In another forum, a member commented that placing slate slabs under each tower speaker vastly improved the sound. That got me to thinking about my room problems - I'd noticed a dramatic decrease in the sound quality of tower speakers since I moved from a first floor apartment (carpet over concrete slab) to the top floor (carpet over suspended wood). Most notably, my Tannoy Eyris DC3 towers dropped significantly in clarity, while my stand-mounted Tyler Reference monitors sounded pretty much the same. Furthermore, I've heard my Legacy Sig III's in my friend's room (thin carpet over concrete), where they sounded MUCH better than my current room. At first I thought this was due to traditional reflective/modal acoustic problems, but the old room and the new one are pretty similar in dimensions & layout. The one major difference is the floor support - in the new room the floor & walls shake when I jump & land. In the old room nothing moved. 

I got to thinking today - perhaps the problem is the coupling between speaker & floor: vibrations from the speaker transfer to the floor & walls, which may then convert vibrations back to acoustic energy since they have so much "give". Does this sound reasonable?

Too curious to wait, today I picked up a pair of Auralex Gramma isolation platforms and placed one each under my mains. My qualitative first assement - no measurements yet - is that the sound is MUCH cleaner. Sounds MUCH more like the rooms with solid floors. I listened using Tracy Chapman's debut CD (which I'm familiar with) on my rig:
Denon DVD-3910 > Sugden Headmaster > PS Audio HCA2 > Legacy Audio Signature III w/ Auralex Grammas
Bass is now textured rather than just boomy. Mids are crisper with better vocal projection. Imaging isn't so localized to the boxes. Soundstage is larger. Highs are clean, smooth, and with more sparkle. Have my dreams come true? 
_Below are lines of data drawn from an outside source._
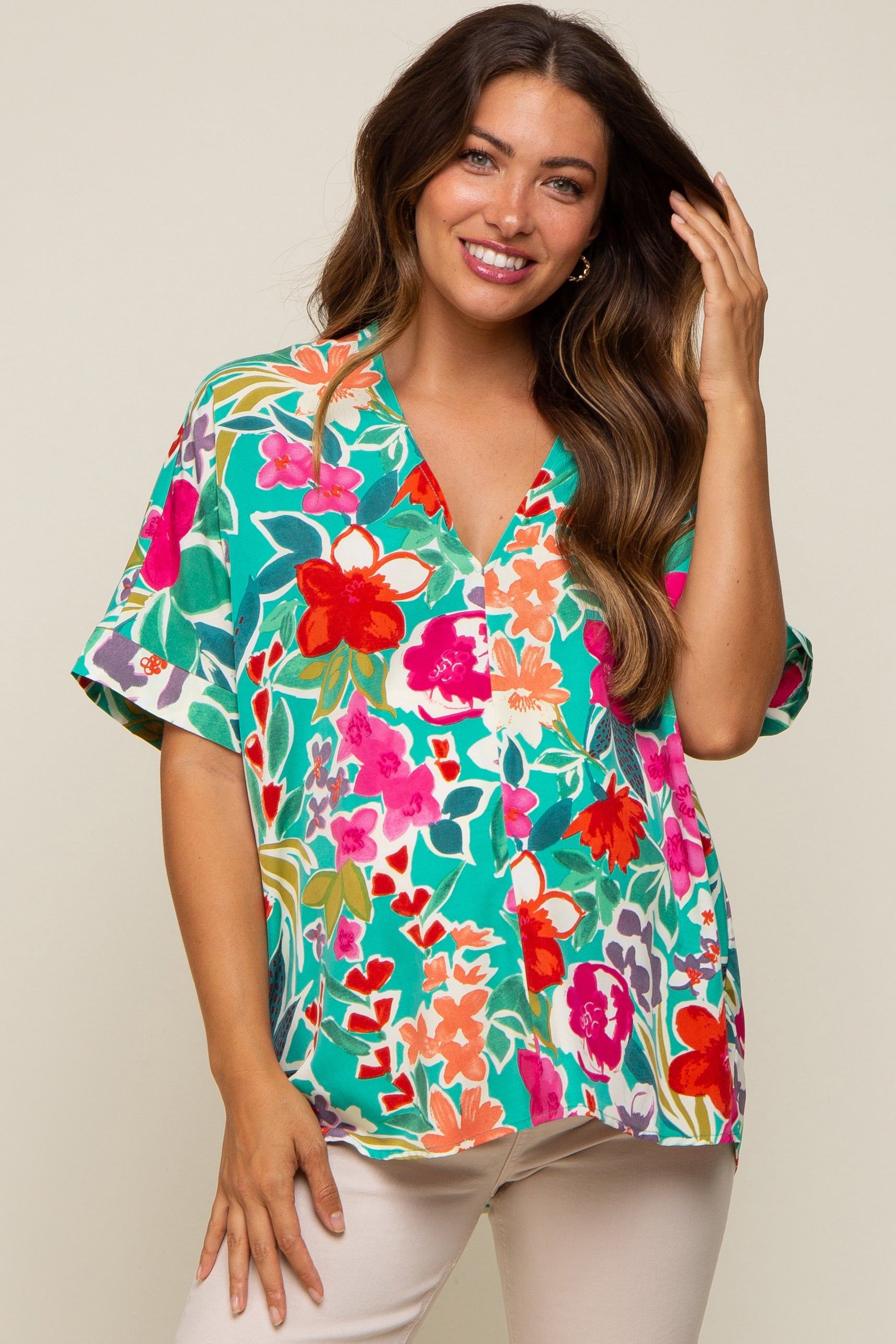 Emerald Green Floral V-Neck Maternity Blouse sold by Pinkblush
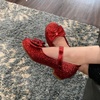 image:imageStelle Girls Dress Shoes Glitter Princess Low Heels for Party Wedding Prom  Shiny glitter finish Bowknot charms 1 inch Low Heel Cushioned comfort Dressup Special occasions Comfortable fitT08ruby Red Glitter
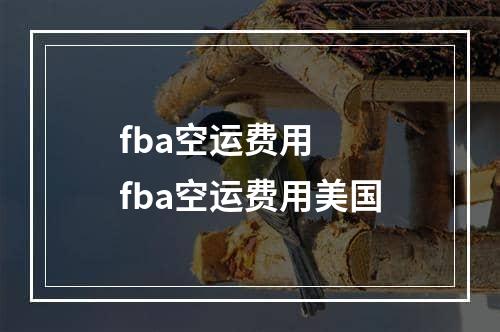 fba空运费用  fba空运费用美国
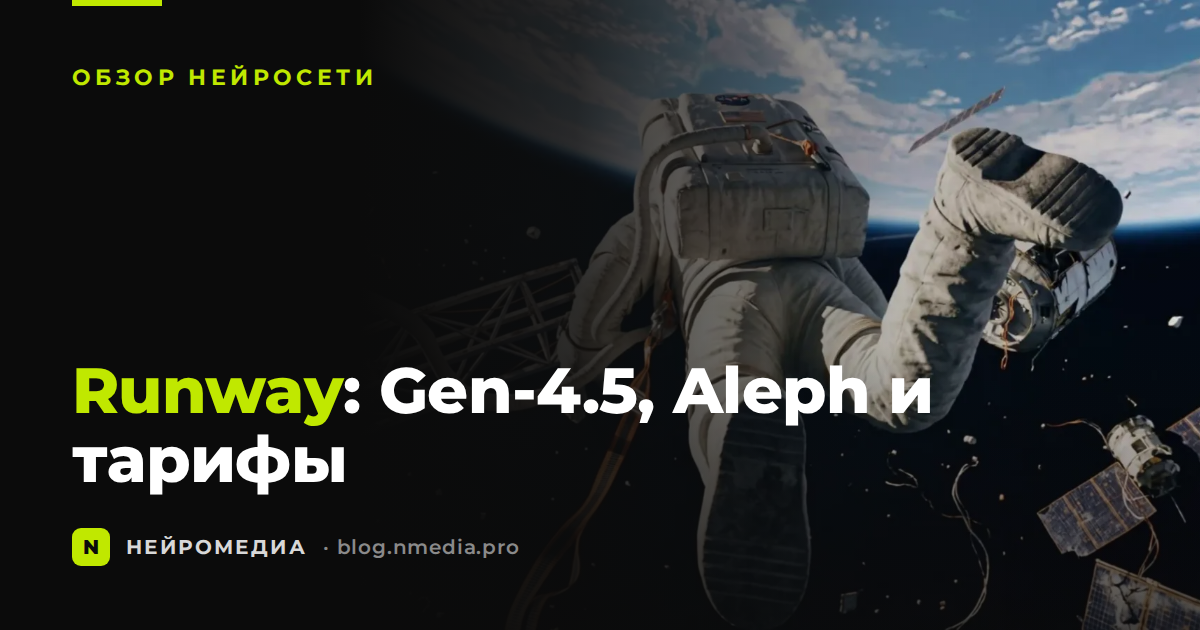 Runway: как пользоваться нейросетью для видео, что умеют Gen-4.5 и Aleph 2.0 и сколько это стоит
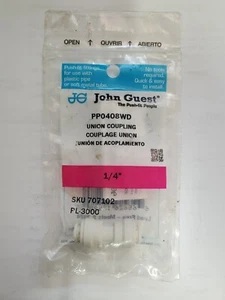 John Guest PP0408WD Push Fit Union Coupling 1/4", Lot of 1 - Picture 1 of 2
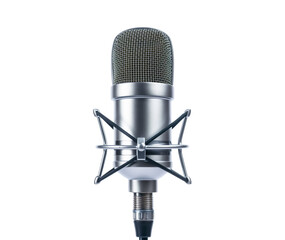 Retro style microphone isolated on white transparent background, png	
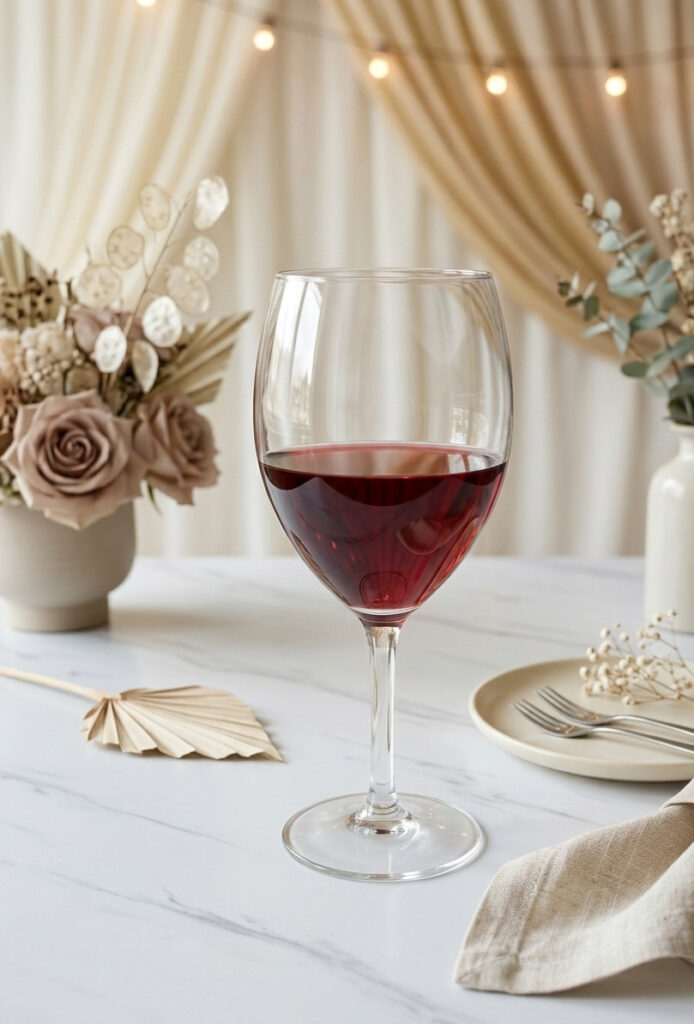 Red wine glass staged on a wedding guest table with floral arrangements and other tabletop items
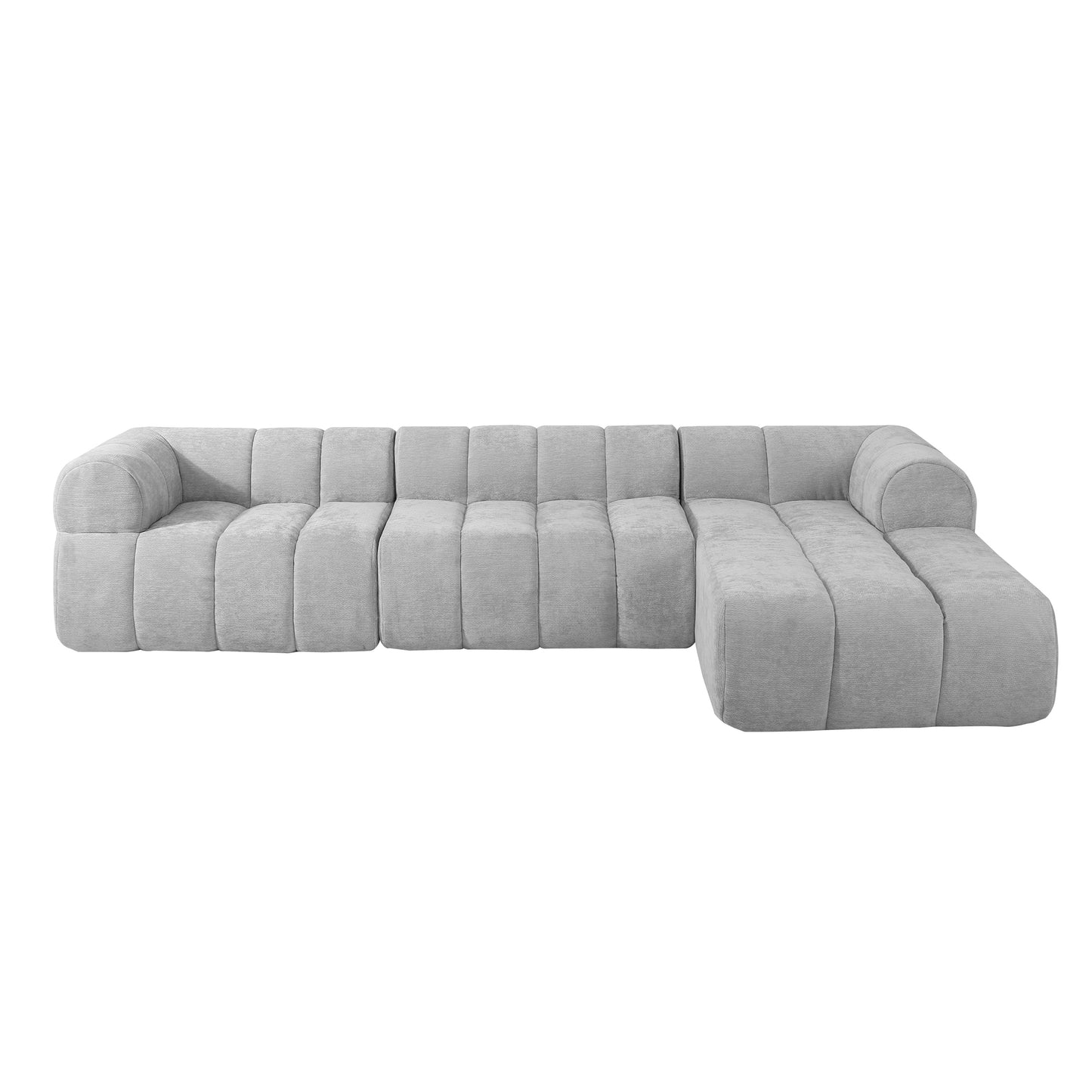 122' Modern L-Shaped Sectional Sofa with High-Density Fully Compressed Sponge and Chaise Lounge, 2-Piece Set, Fully Assembled Right Hand Facing, Perfect for Living Room, Lounge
What do you guys think? am I crazy? 

*Edit* - FYI, each Legacy Sig III has three 10" woofers: down-firing, front-firing, and back-firing. There's lots of bass & movement to keep under control! I've also got 6 Auralex LENRD traps placed on the front wall, and they DO make a measurable difference (according to the REW LF waterfall graphs), but the qualitative sonic improvement from those is nothing compared to that of the Grammas!


----------



## blownrx7 (Feb 7, 2007)

Mulveling,
Don't think you're crazy at all. At least not for the speaker isolation suggestion:heehee: 
It makes perfect sense that isolating the speaker from the floor that is acting as a trampoline and soundboard would improve the clarity of the sound delivered.
Especially true with a down-firing woofer!


----------



## Ethan Winer (Jul 21, 2006)

mulveling said:


> perhaps the problem is the coupling between speaker & floor: vibrations from the speaker transfer to the floor & walls, which may then convert vibrations back to acoustic energy since they have so much "give". Does this sound reasonable?
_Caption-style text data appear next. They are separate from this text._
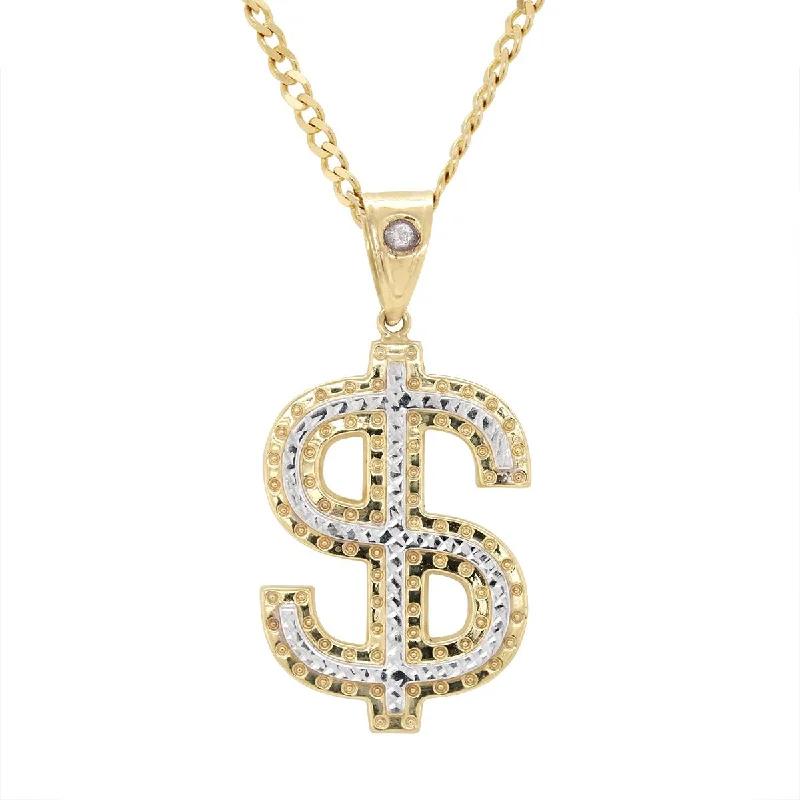 vintage necklaces for women-TWO-TONE GOLD MONEY SIGN CHARM WITH A CUBIC ZIRCONIA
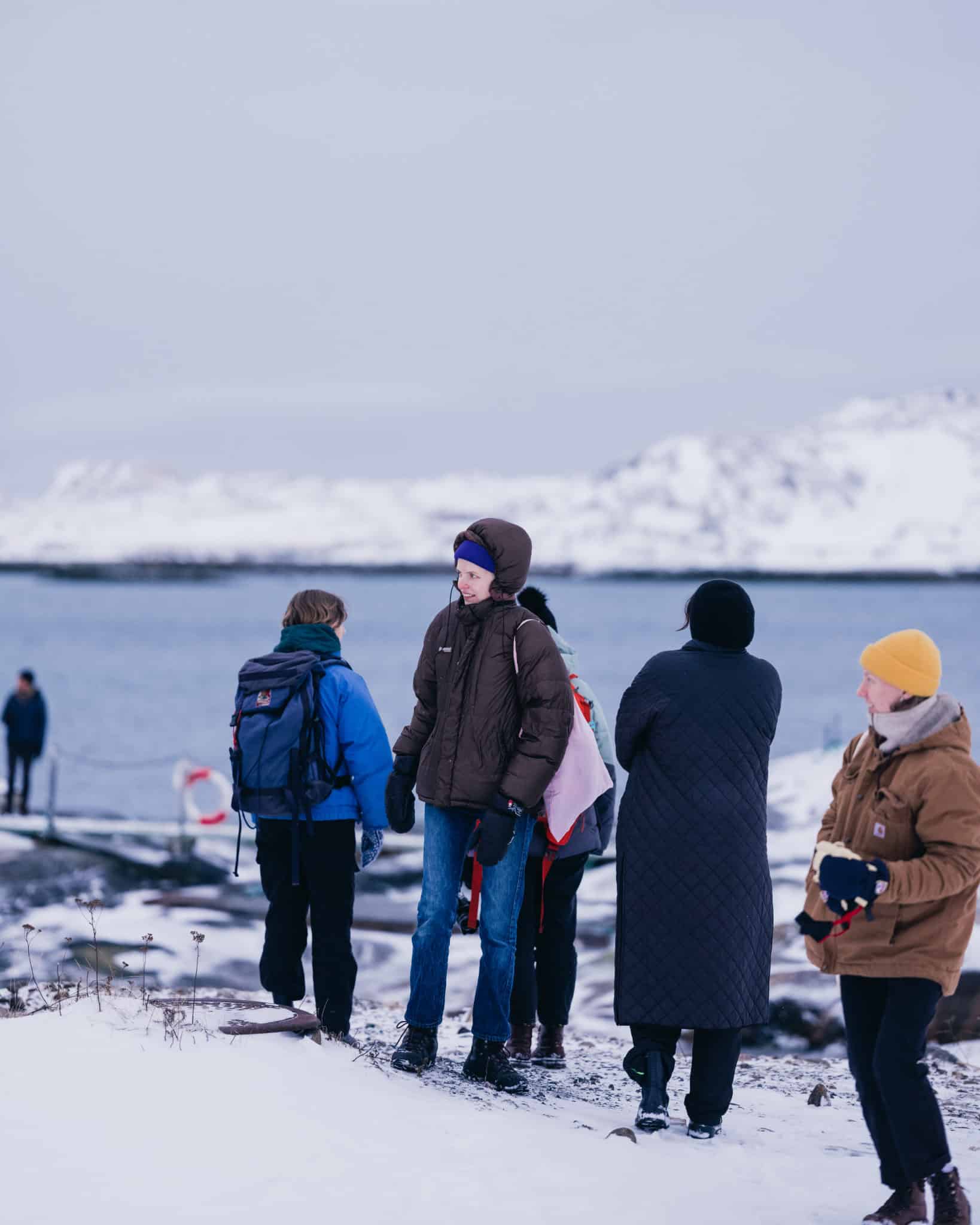 Group of people standing in front of a wintery fjord.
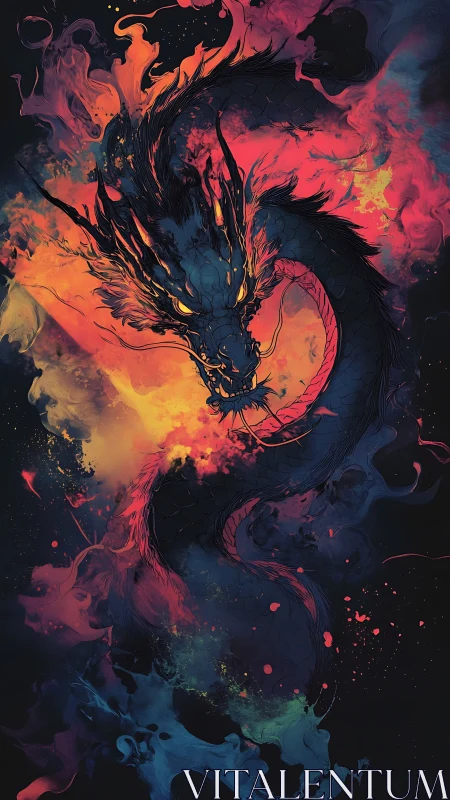 Vibrant fiery dragon coiled in swirling neon smoke.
There are two related issues. One is that speaker cabinets vibrate a little (though ideally they wouldn't), and those vibrations can cause the floor or whatever it's resting on to also vibrate sympathetically at certain frequencies. The other issue is that sound waves travel through solids faster than through the air. So if the floor vibrates, some of the energy gets to your ears early, which creates comb filtering peaks and nulls.

I'll also add that claims of "incredible difference" after decoupling loudspeakers are probably more imagination than reality. Unless you have big speakers on a really flimsy table top, the improvement from decoupling is modest at best. And certainly far less than the improvement from adding room treatments like bass traps.

--Ethan


----------